Based on these successes, our nation’s military leaders once again turned to USACE three-quarters of a century ago as they began to consider one of the boldest multi-domain assaults in modern warfare. In planning the D-Day invasions at Normandy, the scale of which was unprecedented, national leaders leaned heavily upon the engineering expertise tucked away at the Corps’ Waterways Experiment Station in Vicksburg, Mississippi—the location of today’s U.S. Army Engineer Research and Development Center (ERDC).
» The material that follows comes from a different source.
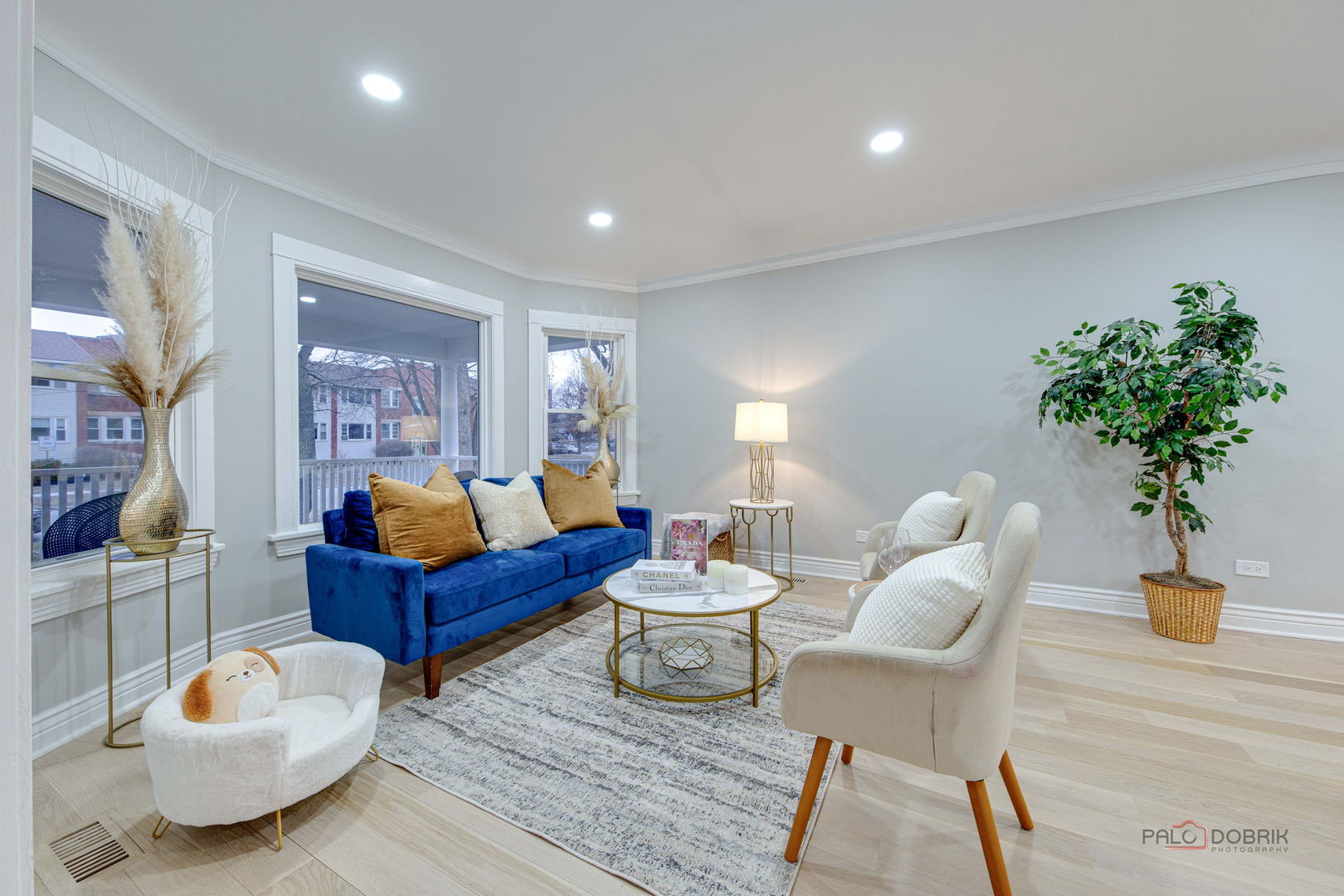 Properties 4 131 N Taylor Avenue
Our engineers advised military leaders on the challenges they could encounter with coastal logistics and built models of Mulberry harbors—the temporary portable harbors developed by the United Kingdom during World War II to facilitate the rapid offloading of cargo onto beaches—to understand their response during extreme seas. Those tests confirmed, if not improved, British designs that aided in calming coastal waters during the invasion. Researchers conducted scaled testing of float bridges and advised the military on which designs provided greater operational capability in extreme river-crossing conditions, a role that continues today. These engineers and scientists also leveraged their geotechnical expertise and forged the beginnings of airfield engineering for military operations, developing design criteria and material solutions to support heavy wheel loads required by new military aircraft—a tri-service responsibility still executed in Vicksburg. Similar examples of support can be found in all subsequent armed conflicts.
Today, ERDC stands ready to address the next challenge. The nature of evolving threats prompted Army leaders to overhaul the Army’s operating concept and modernize capabilities to counter and defeat near-peer adversaries. As the Army transforms to deliver a force capable of executing multi-domain operations by 2028 and ready to do so by 2035, ERDC is actively engaged by providing the engineers, joint force and allied partners with innovative technology tailored for this new extreme operational pace.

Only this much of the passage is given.